By the time I got to the last paragraph above, I was using the past tense as it is now Monday and we’ve successfully landed in the States. I tried to post from Singapore without success - mostly because my brains had turned to mashed potatoes and I didn’t think it was worth paying $18 for a connection when I couldn’t think straight and might screw it up anyway. So I napped. Singapore’s Changi Airport is probably our favourite airport in the world. It is comfortable and extremely well designed for long layovers. They actually have quiet places with lounger chairs and massage chairs where people can lay down and sleep awhile. We weren’t able to sleep enough to overcome the inevitable jet lag, but it took the edge off our weariness and made the flights following (3 hours to Hong Kong where everyone de-planed just long enough to go through massive security AGAIN then a 12 hour flight to San Francisco, then a 2 hour drive to where we’re staying, but who’s counting?) bearable. Now we’re safely in Bolinas. It’s a great place
to make the transition after living in Tso Pema for the past months - quiet, small, isolated with the most remarkable view of the Pacific Ocean from our little guest room.
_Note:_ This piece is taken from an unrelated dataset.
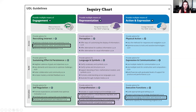The next activity is an inquiry chart. This activity falls under the representation, action and expression, and engagement elements of UDL. For representation, instructors can use this activity to maximize transfer and generalization of information to help with student comprehension. Students will learn to highlight patterns, critical features, big ideas, and relationships with this element. For action and expression, students can learn how to facilitate and manage information and resources.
I’ll try to write more about our adventures on the road - particularly the hilarious (could have been dangerous and not so funny) pileup on the moving sidewalk in Singapore where Rimpoche, Lena and I all ended up crashing and under various wheeled things and heaps of luggage on the floor. Since nobody got hurt, we’re still giggling like little kids about it. I seem to have figure out how to use the wireless here, but it’s glitchy. I’m about to post this and will start playing catch up some time tomorrow. But anyway, we’re more or less safely in the U.S. and trying to let our bodies figure out when we are.